With these ideas as the backdrop, our interdisciplinary and international workshop intends to discuss these phenomena on two levels (as two possible sessions of the workshop) and from a comparative point of view, where the cities (Moscow, Berlin, London and Istanbul) are on one hand sites for different urban historical traditions, and on the another hand they are “metropolises” for the economic, cultural, political and industrial centers of their countries and regions.

I. The change in the role of the Artist in the urban context (changing images of the Artist in the urban context):
At this point the workshop intends to focus on the changing attribution of the artist during the last 100 years: from the bohemia of the fin de siècle, through the revolutionary role during the Russian revolution, to the lonely and anonymous rebel against capitalist aesthetics in the cities. Not only have the different, eventually transnational, European historical images of the artist had to be reflected (if we have such images!) as well as the local urban contexts – in London, Berlin and Moscow. At this point the workshop would concentrate on the local transformations of the transnational, trans-European images of artists and analyze it on the concrete urban local level.
(An example: what are the differences of the images of the street artists? Street art is generally viewed - on a “transnational level” as art and the artists using these forms of communication have something of the rebel image. On local level - Banksy is exhibited, in Berlin the city is branding itself with street art, and in Moscow street artists are criminals…)
In this context the following questions/points could be discussed among the participants:
- How did the image of the artist change during the last 100 years?
- What values surround the figure of the artist today? What images and values are projected when we think of “the artist” as a component of urban experience?
- Are there any local differences in the valuing of the artist? Comparing London and Berlin with Moscow or even Istanbul- are there any differences to be recognized in the “valuing” of the artist?
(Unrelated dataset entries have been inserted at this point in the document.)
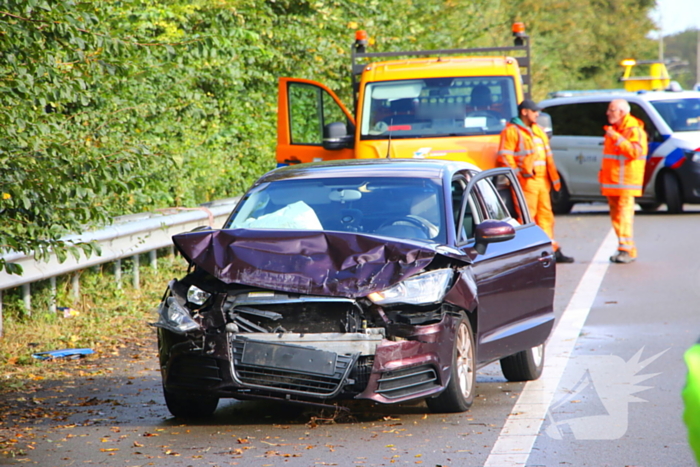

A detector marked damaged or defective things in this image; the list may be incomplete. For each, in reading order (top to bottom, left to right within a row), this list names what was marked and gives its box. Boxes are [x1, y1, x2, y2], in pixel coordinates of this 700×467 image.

crumpled hood [172, 229, 452, 298]
broken headlight [154, 298, 201, 334]
broken headlight [186, 286, 211, 308]
damaged purple car [152, 159, 552, 418]
broken headlight [370, 268, 452, 308] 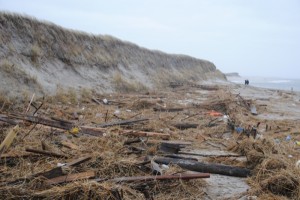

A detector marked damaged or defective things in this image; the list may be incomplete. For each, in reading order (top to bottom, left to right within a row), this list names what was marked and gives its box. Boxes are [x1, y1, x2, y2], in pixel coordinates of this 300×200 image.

broken timber [155, 157, 251, 177] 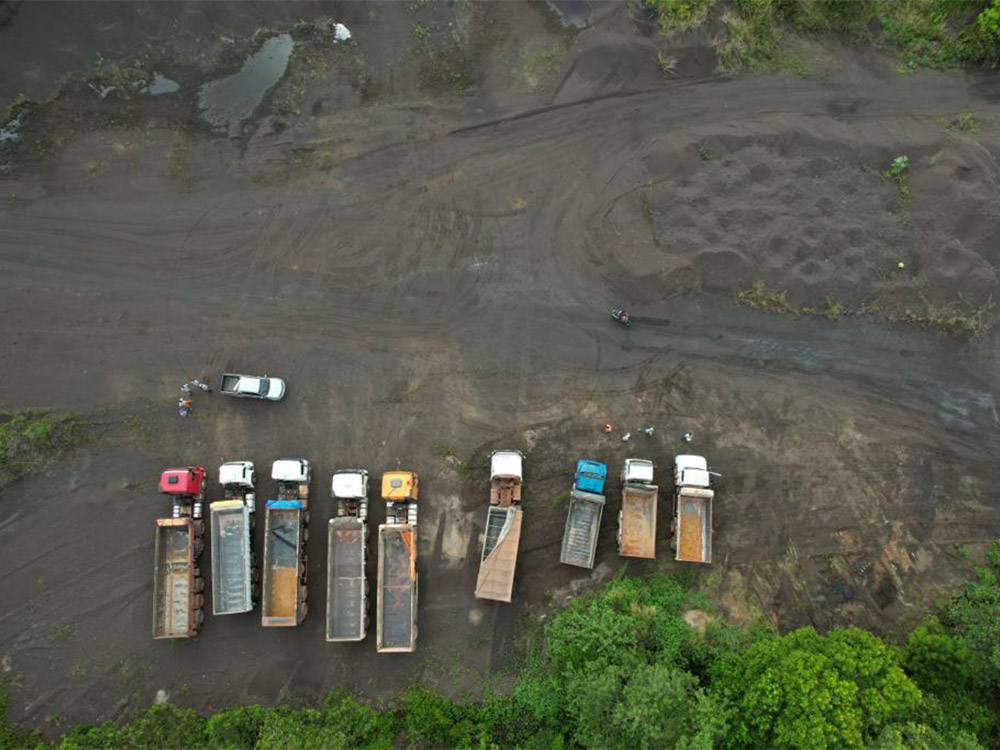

II. In the second session the workshop would discuss the production of art today in the urban context: What do artists produce today in the urban space? What kind of agency does the production of art have within urban change, and how has this altered over the past decades? For example, urban public space has previously been occupied and claimed by street artists producing work that challenged dominant ideologies of ‘legitimate’ art production. Now the public space of the urban—“the streets”—is being occupied by artists and visual images coming from semi-private spaces like galleries and ateliers, or semi-public spaces like museums. What are the implications of this change in art production and the agency of visual works in the city and how does this modify the relationships between art, the artist, and urban change in the city?

The workshop does not intend to seek answers, but to open new fields of discussion for comparative and interdisciplinary urban research.